Northwestern University Logo The complete source of protein soy seems to have a natural chemical known as genistein that is extremely beneficial to humans. Experts from the Robert H. Lurie Comprehensive Cancer Center of Northwestern University have used genistein to make a nontoxic drug for restricting prostate cancer cells from spreading to other parts of the body. Already known to improve bone health and fight colon cancer, soy now seems to be helpful in avoiding prostate cancer to metastasize and spread.

38 men with localized prostate cancer were comprised in a phase II randomized study.

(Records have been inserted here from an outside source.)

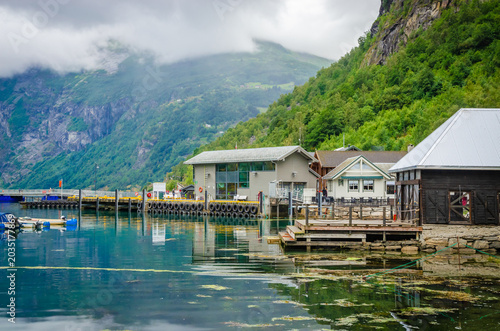 View on the coast of Geirangerfjord in town Geiranger, one of the most beautiful fjords in Norway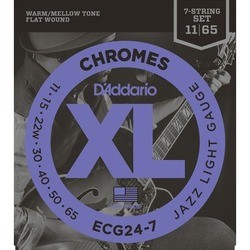 DAddario XL Chromes Flat Wound 7-String Jazz 11-65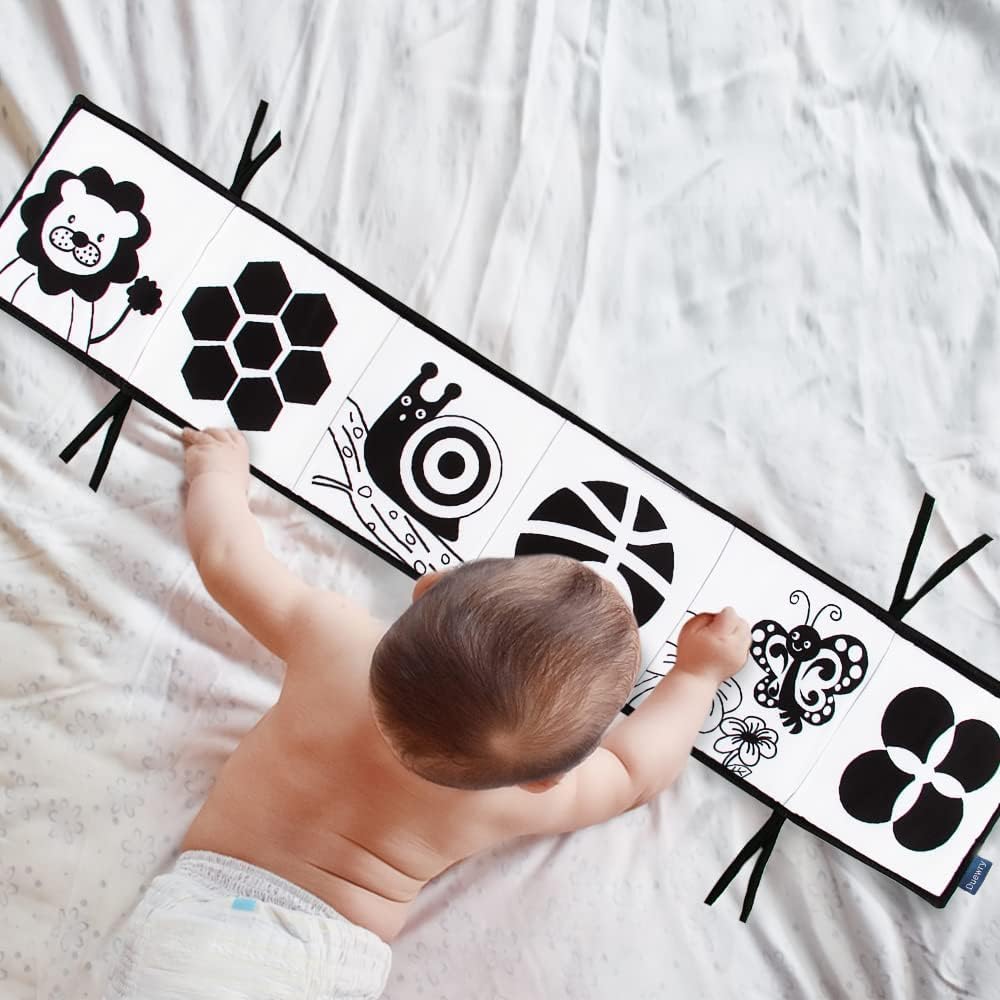 SNOWIE SOFT Baby Cloth Book for Tummy Time with High Contrast Black and White Patterns | 2PCS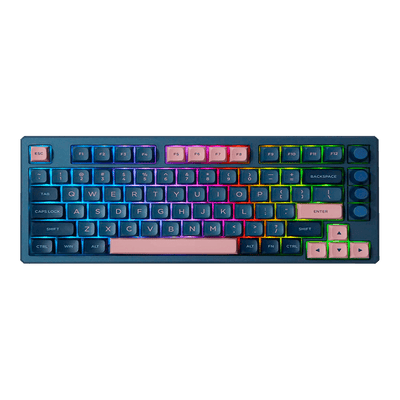 Teclado Gamer Mecânico Skyloong GK75 Blue Pink Aluminun, Switch Silver, 3 Modos, RGB, Hot Swap, 4000mah, Layout ANSI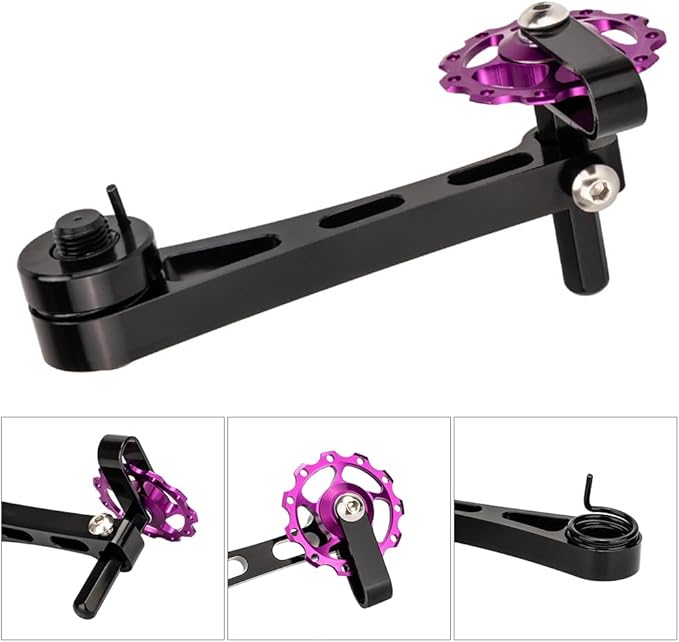 JIANWEI Bike Chain Tensioner, Bike Chain Guide Bike Protector, Aluminum Alloy Bicycle Single Speed Adjuster Converter for MTB Road Racing Bike(Black)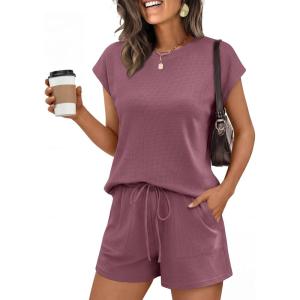 imageANRABESS Womens Waffle Knit 2 Piece Short Sets Cap Sleeve Summer 2026 Matching Lounge Outfits Travel Beach Vacation SweatsuitPurple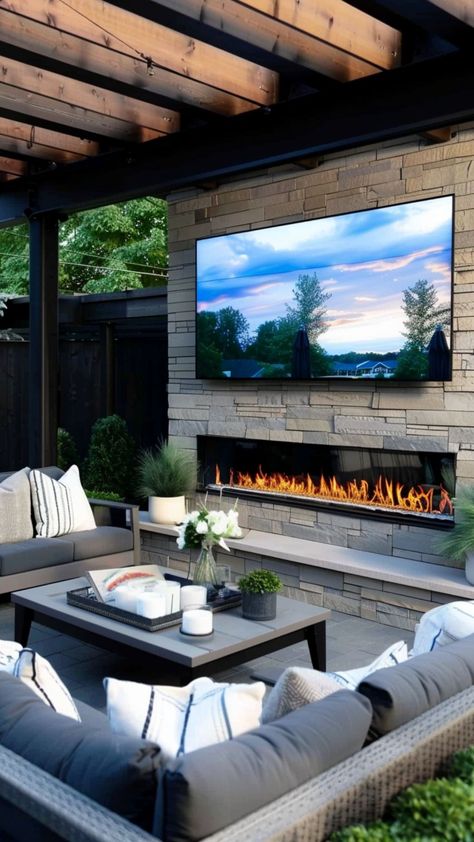 Outdoor Tv Solutions, Back Patio With Tv, Patio Tv Wall Ideas, Outdoor Entertainment Patio Ideas, Outdoor Patio With Tv, Outdoor Tv Ideas, Outdoor Tv Setup, All Season Porch, Patio Tv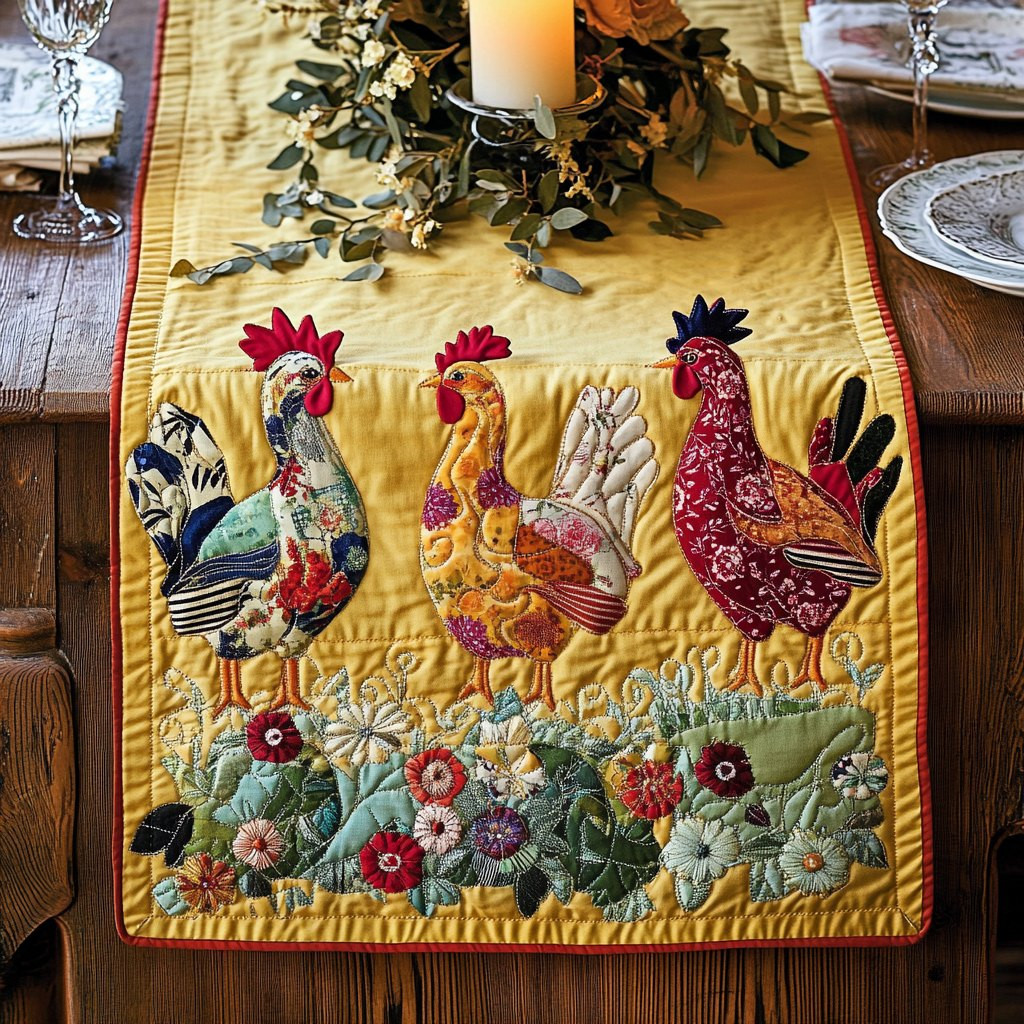 Chickens with Flowers on Yellow Table Runner - Made to Order TABLE928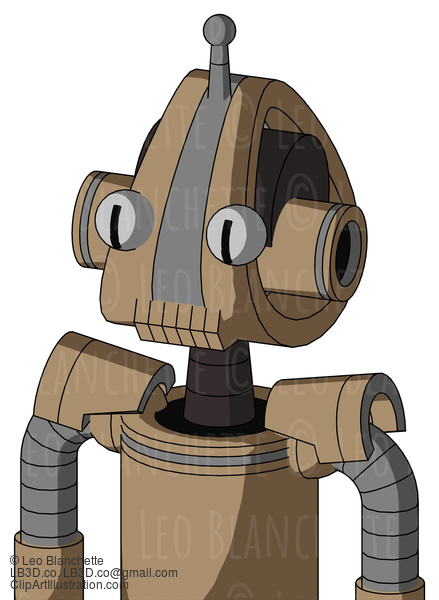 Cardboard Droid With Droid Head And Toothy Mouth And Two Eyes And Single Antenna #22198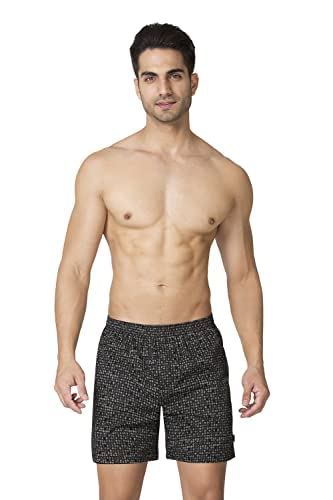 Image of Van Heusen Men Allover Print Boxer Shorts - 100% Super Combed Cotton - Pack of 2 - Functional Pockets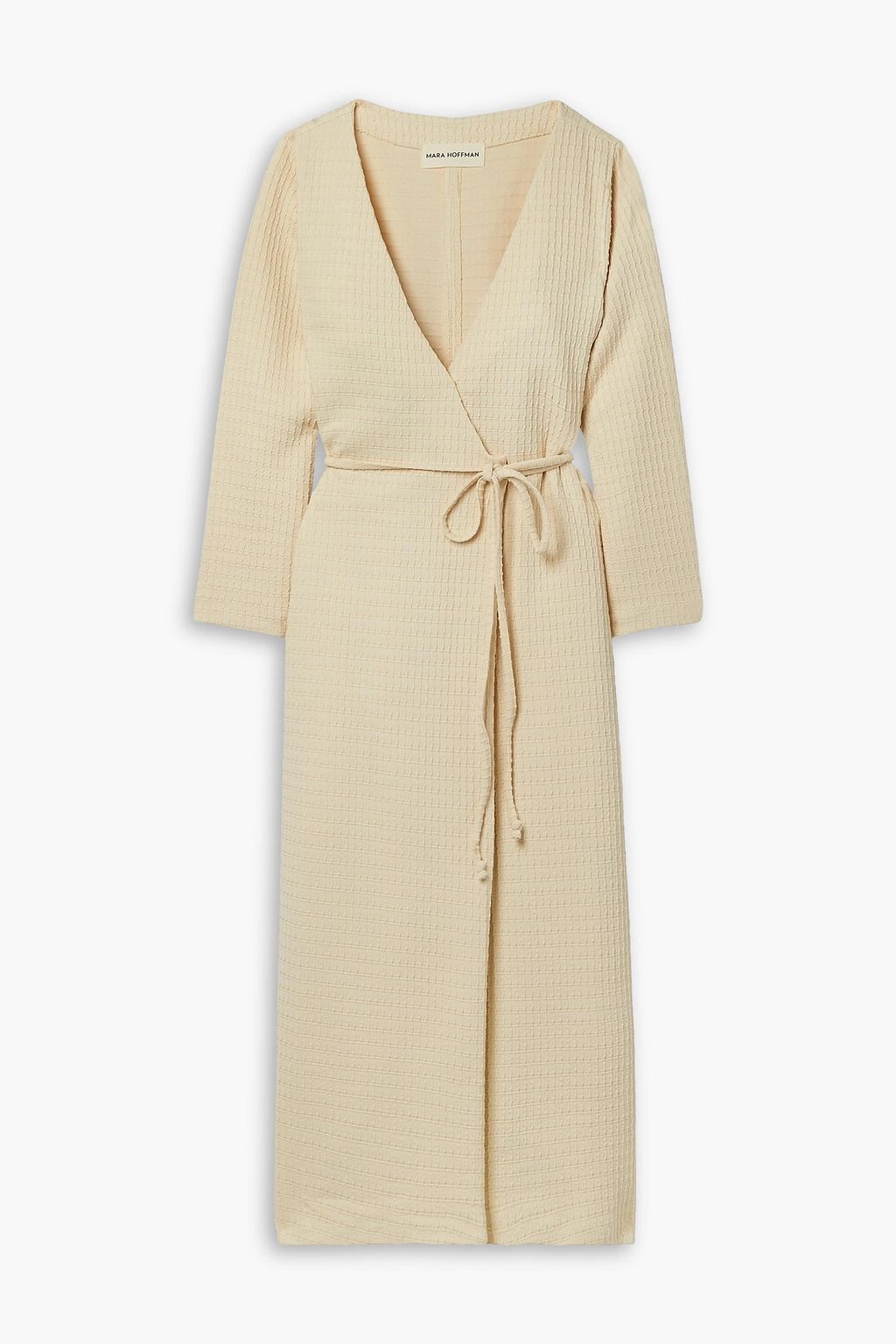 MARA HOFFMAN Tiffany textured cotton-blend midi wrap dress | THE OUTNET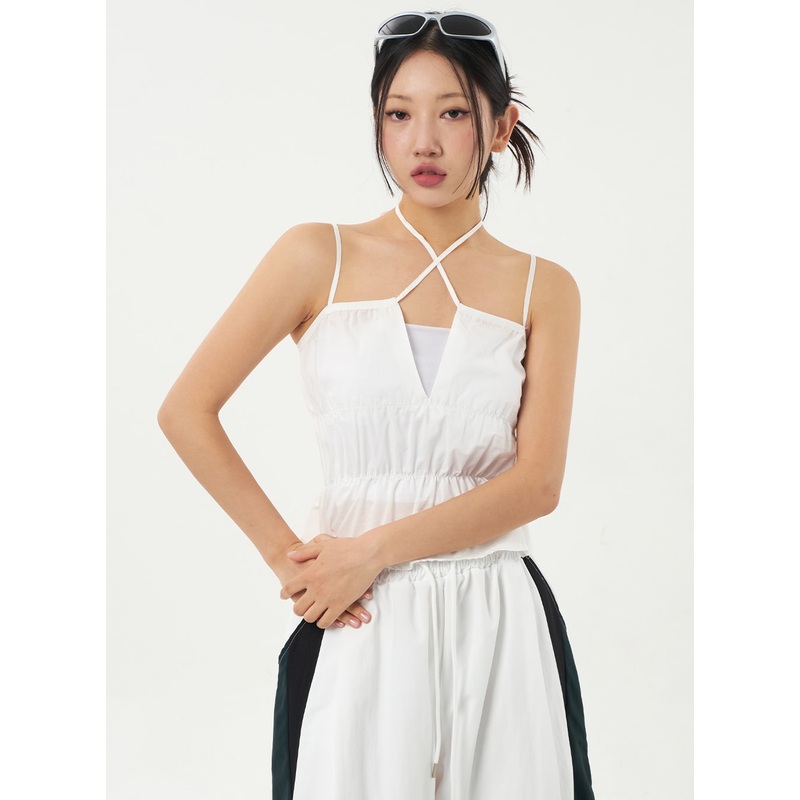 Thin Strap Cropped Top CA326|White|Black|S/M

The participants were given a pill equipped with genistein everyday for a month before the surgery. As a result, beneficial effects of the natural chemical on prostate cancer cells were reported. It was noted that expression of genes were heightened by genistein in the cancer cells after surgery. This expression of genes may curb the invasion of cancer cells.

Another phase II study will be initiated for halting the cancer cells from moving out of the prostate and into the rest of the body. Raymond Bergan, M.D., the director of experimental therapeutics at the Lurie Cancer Center, a professor of hematology and oncology at Northwestern University Feinberg School of Medicine and a physician at Northwestern Memorial Hospital, and colleagues claim that in case the newly designed drug effectively stops prostate cancer from spreading a similar therapy will be introduced to treat the disease.

The study will be presented at the Ninth Annual American Association for Cancer Research Frontiers in Cancer Prevention Research Conference.